What the exercise asks
The answer is to be the data that follows, transcribed exactly, minus its pictures.

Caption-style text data
/---
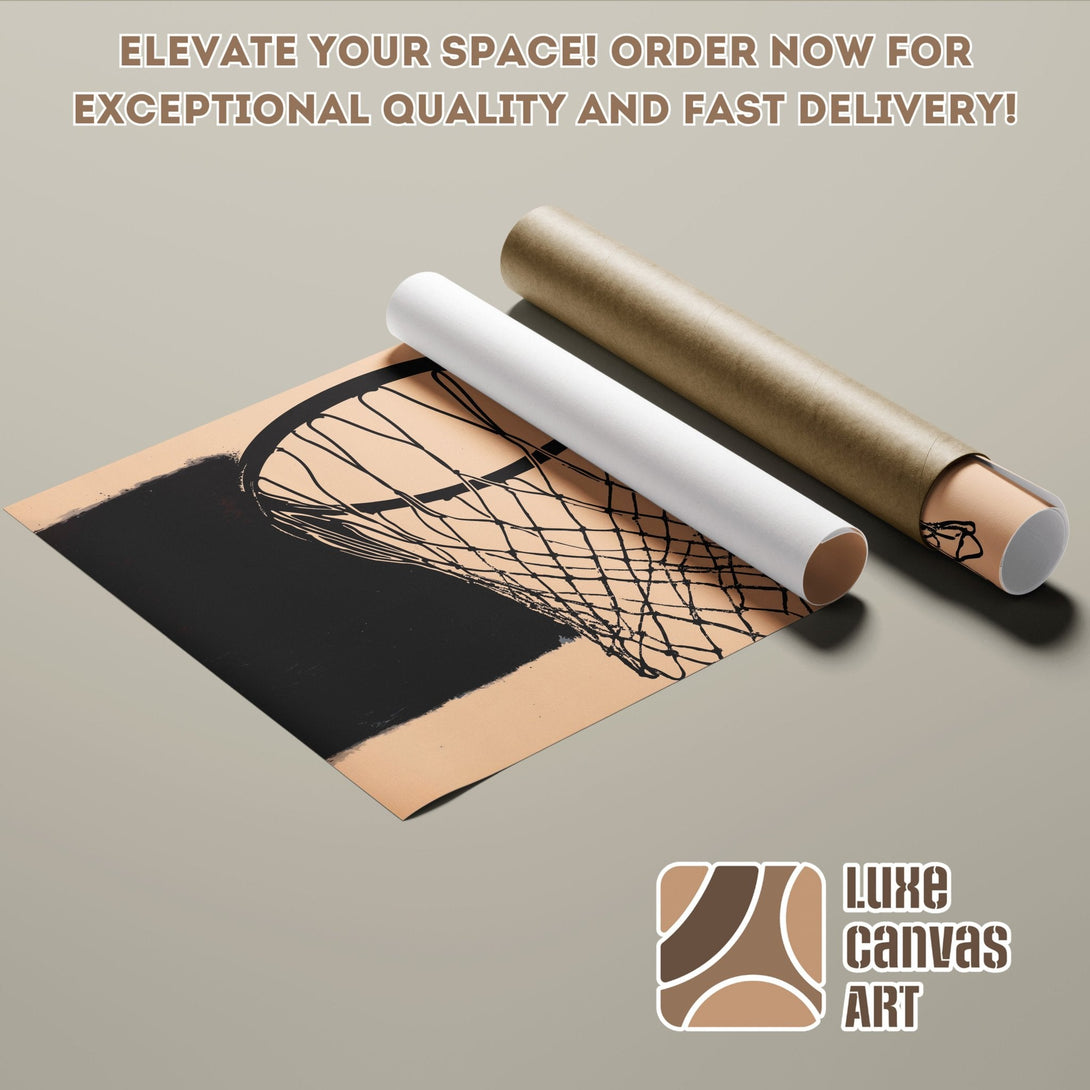 Basketball net poster roll art, minimalist style, neutral color palette. Elevate your space with our Poster!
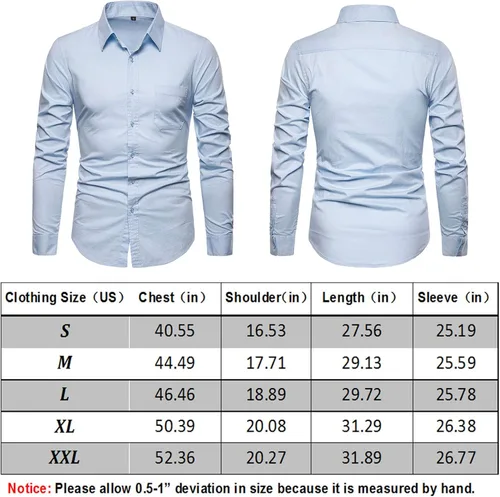 Vista 7 de VANCOOG Camisas de vestir casuales de manga larga con botones y bolsillo en el pecho para hombre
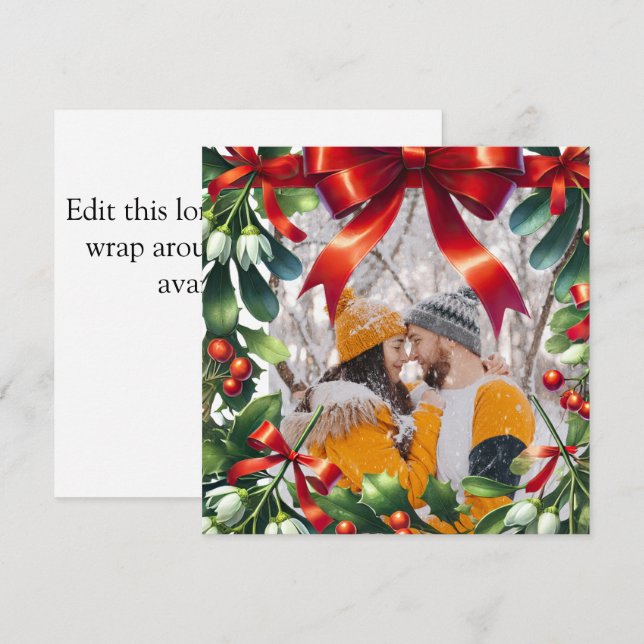 Tarjeta Festiva Navidades mistletoborde con arco rojo (Anverso / Reverso)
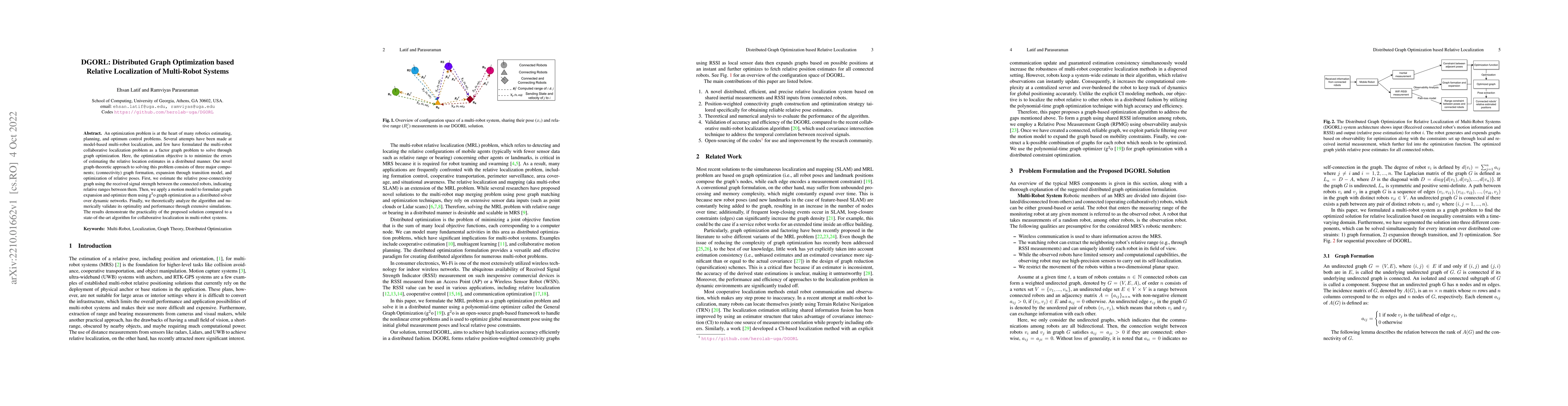 Thumbnail for DGORL: Distributed Graph Optimization based Relative Localization of
  Multi-Robot Systems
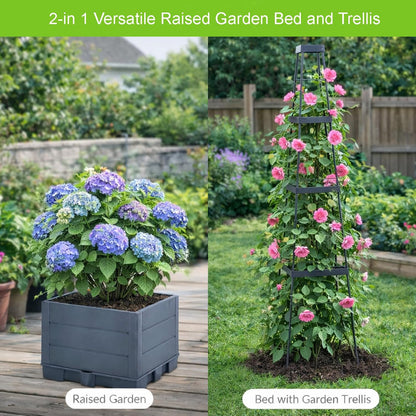 2 Pack 57" Raised Garden Bed Tomato Planter Box with Trellis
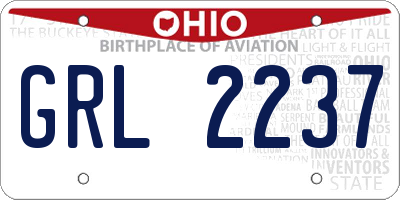 OH license plate GRL2237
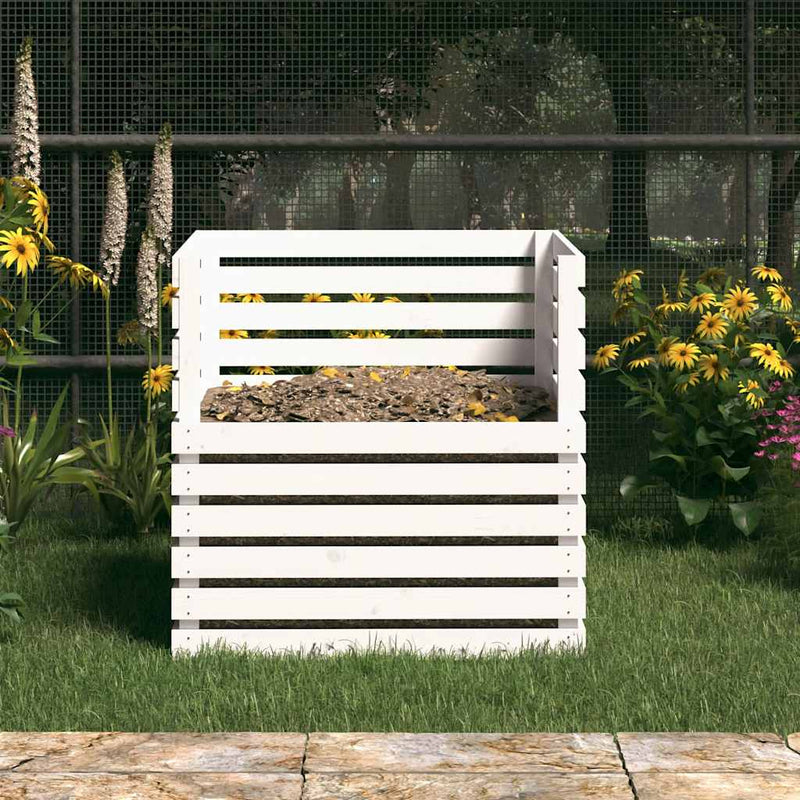 Load image into Gallery viewer, Vidaxl compostbak 80x80x78 cm massief grenenhout wit

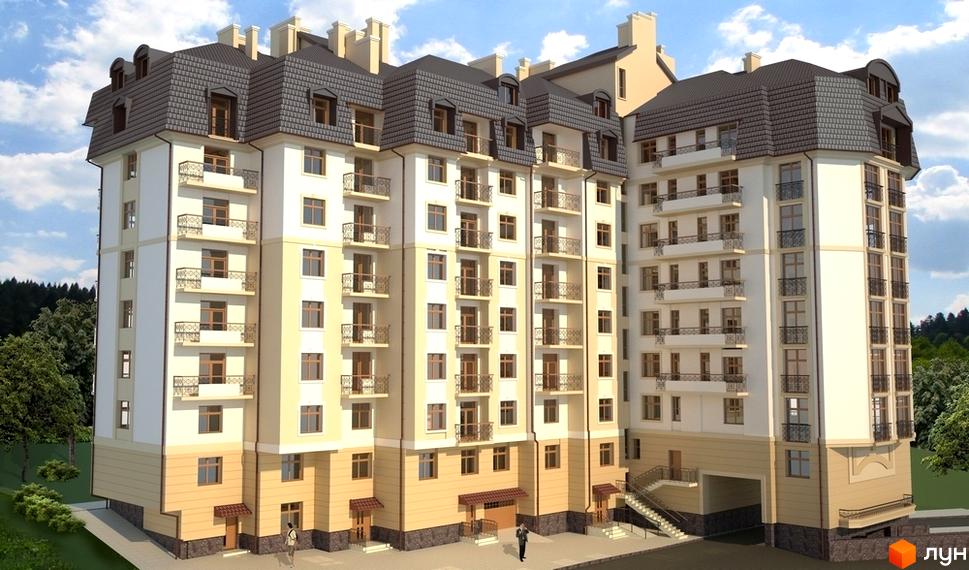 Житловий комплекс Личаківська перлина: багатоповерховий будинок світлих відтінків з темно-сірим дахом та балконами. Навколо зелені насадження та вимощена територія.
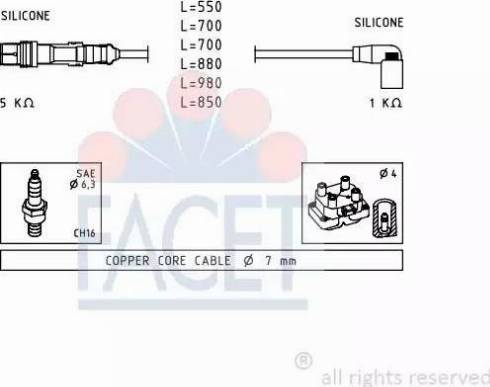 FACET 4.9605 - Set kablova za paljenje www.molydon.hr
\---
Answer to this task
 Basketball net poster roll art, minimalist style, neutral color palette. Elevate your space with our Poster!
 Vista 7 de VANCOOG Camisas de vestir casuales de manga larga con botones y bolsillo en el pecho para hombre
 Tarjeta Festiva Navidades mistletoborde con arco rojo (Anverso / Reverso)
 Thumbnail for DGORL: Distributed Graph Optimization based Relative Localization of
  Multi-Robot Systems
 2 Pack 57" Raised Garden Bed Tomato Planter Box with Trellis
 OH license plate GRL2237
 Load image into Gallery viewer, Vidaxl compostbak 80x80x78 cm massief grenenhout wit

 Житловий комплекс Личаківська перлина: багатоповерховий будинок світлих відтінків з темно-сірим дахом та балконами. Навколо зелені насадження та вимощена територія.
 FACET 4.9605 - Set kablova za paljenje www.molydon.hr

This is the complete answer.